[<prev] [next>] [<thread-prev] [thread-next>] [day] [month] [year] [list]
Message-ID: <YnkN954Wb7ioPkru@lunn.ch>
Date: Mon, 9 May 2022 14:49:59 +0200
From: Andrew Lunn <andrew@...n.ch>
To: Josua Mayer <josua@...id-run.com>
Cc: netdev@...r.kernel.org, "David S. Miller" <davem@...emloft.net>,
Jakub Kicinski <kuba@...nel.org>,
Rob Herring <robh+dt@...nel.org>,
Russell King <linux@...linux.org.uk>,
Heiner Kallweit <hkallweit1@...il.com>
Subject: Re: [PATCH RFC] net: sfp: support assigning status LEDs to SFP
connectors
On Mon, May 09, 2022 at 03:29:38PM +0300, Josua Mayer wrote:
> Dear Maintainers,
>
> I am working on a new device based on the LX2160A platform, that exposes
> 16 sfp connectors, each with its own led controlled by gpios intended
> to show link status.
Can you define link status? It is a messy concept with SFPs. Is it
!LOS? I guess not, because you would not of used a GPIO, just hard
wired it. Does it mean the SERDES has sync? Does it reflect the netdev
carrier status?
> We have found that there is a way in sysfs to echo the name of the network
> device to the api of the led driver, and it will start showing link status.

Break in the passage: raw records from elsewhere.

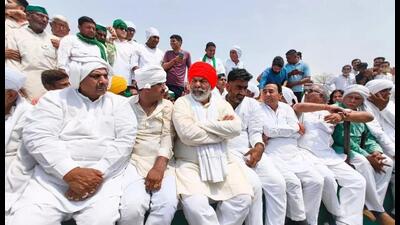 BKU spokesperson Rakesh Tikait with other leaders during the panchayat in Muzaffarnagar on Saturday. (HT photo) BKU spokesperson Rakesh Tikait with other leaders during the panchayat in Muzaffarnagar on Saturday. (HT photo)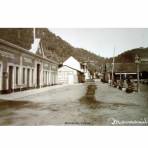 Escena callejera de Manzanillo, Colima.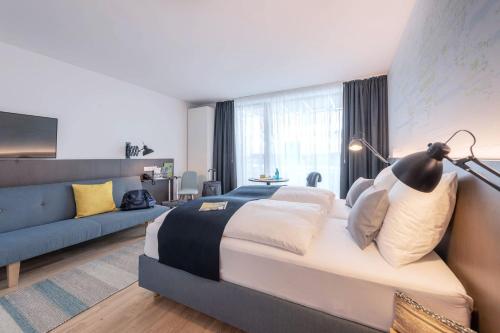 JUFA Hotel Hamburg HafenCity - main image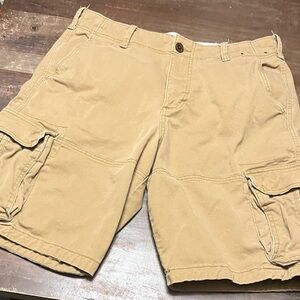 Hollister men’s dark tan khaki cargo shorts. Size 33.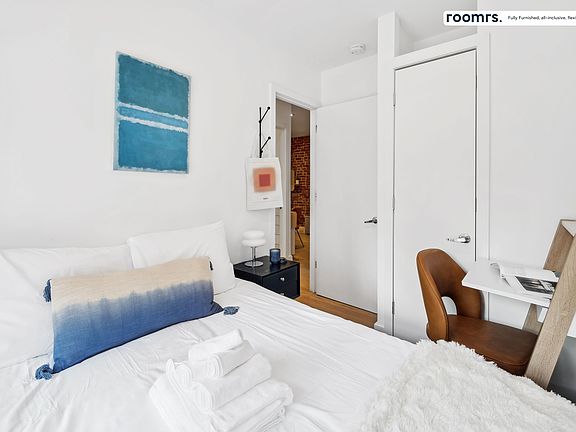 3rd image of 210 Rivington St APT 4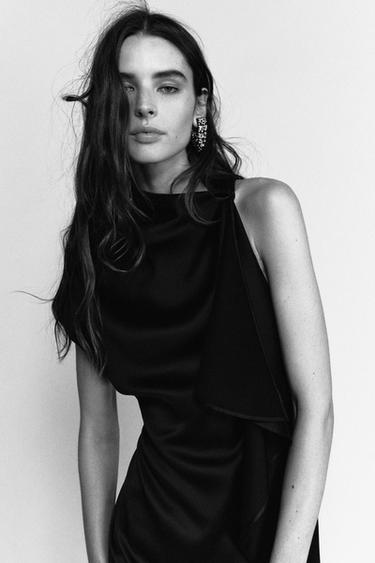 فستان قصير CUT OUT إصدار محدود - أسود by Zara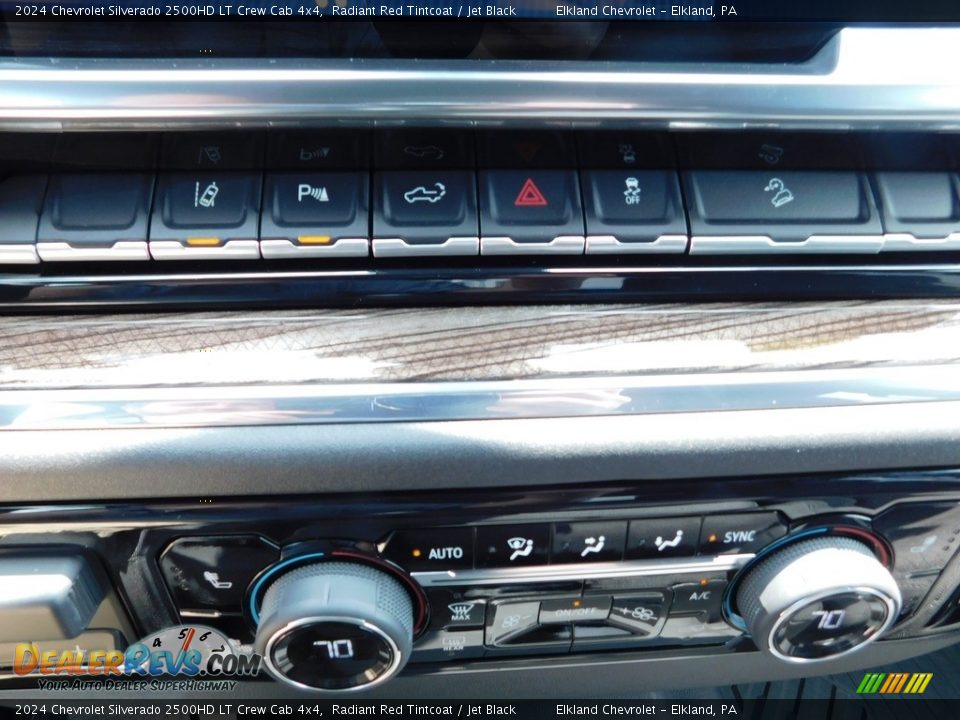 Controls of 2024 Chevrolet Silverado 2500HD LT Crew Cab 4x4 Photo #29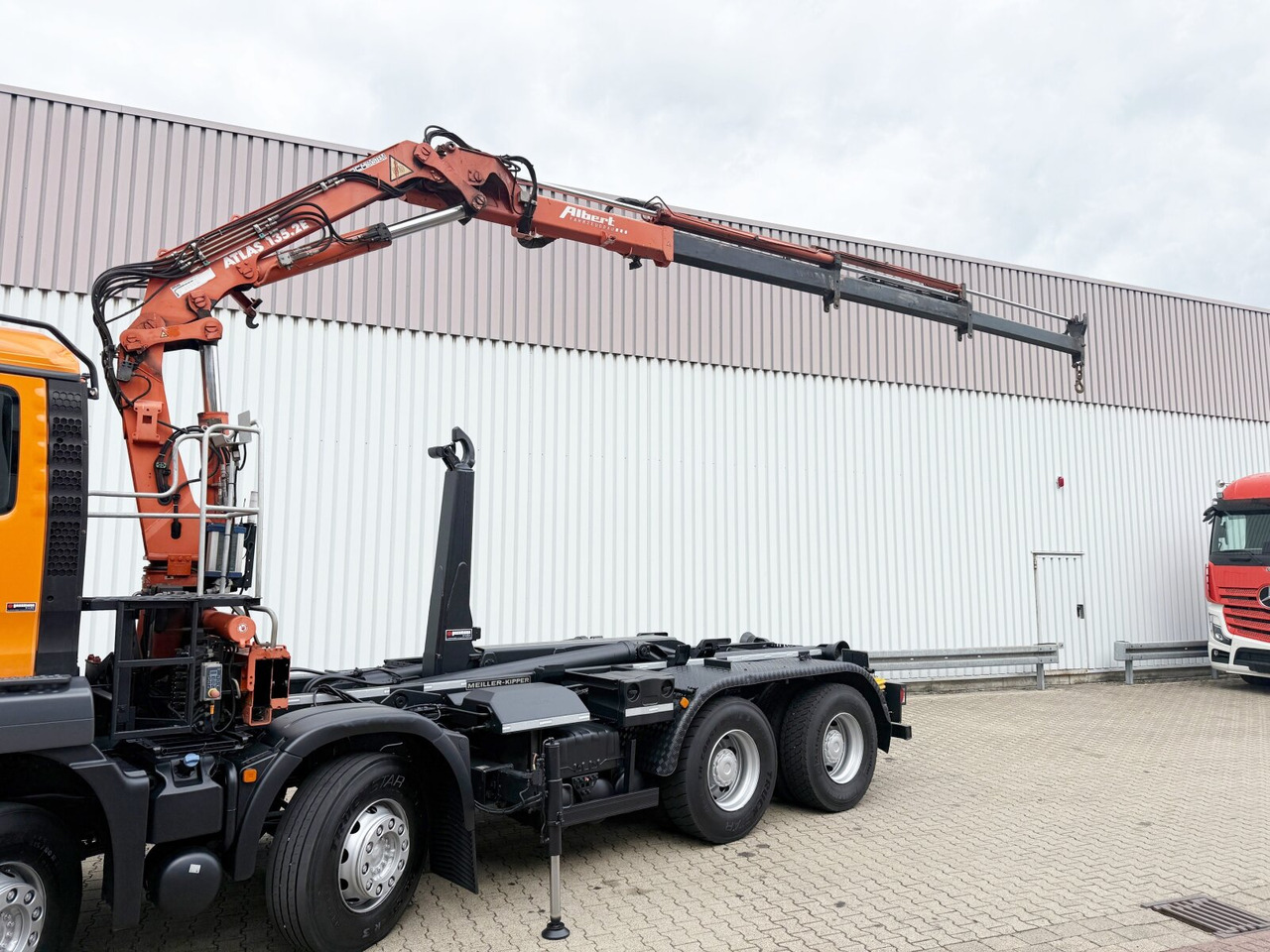 MAN TGS 35.440 8x4 BL TGS 35.440 8x4 BL, Meiller 19.62, Atlas Kran 135.2-A3, Funk - Крюковой мультилифт, Автоманипулятор: фото 2 MAN TGS 35.440 8x4 BL TGS 35.440 8x4 BL, Meiller 19.62, Atlas Kran 135.2-A3, Funk - Крюковой мультилифт, Автоманипулятор: фото 2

> However this has to be done at runtime by the user.
Please take a look at the patches Ansuel Smith submitted last week,
maybe the week before last.
> On the Layerscape platform in particular these devices are created dynamically
> by the networkign coprocessor, which supports complex functions such as
> creating one network interface that spans multiple ports.
The linux model is that each MAC has a netdev, hence a name. If you
need to span multiple ports, you then add a bridge and add the MACs to
the bridge. So there should not be an issue here.
> It seems to me that the netdev trigger therefore can not properly reflect
> the relation between an LED (which is hard-wired to an sfp cage), and the
> link state reported by e.g. a phy inside an sfp module.
The netdev carrier will correctly reflect this.
> You may notice that again leds are tied to existence of a particular logical
> network interface, which may or may not exist, and may span multiple
> physical interfaces in case of layerscape.
As far as i'm aware, the in kernel code always has a netdev for each
MAC. Are you talking about the vendor stack?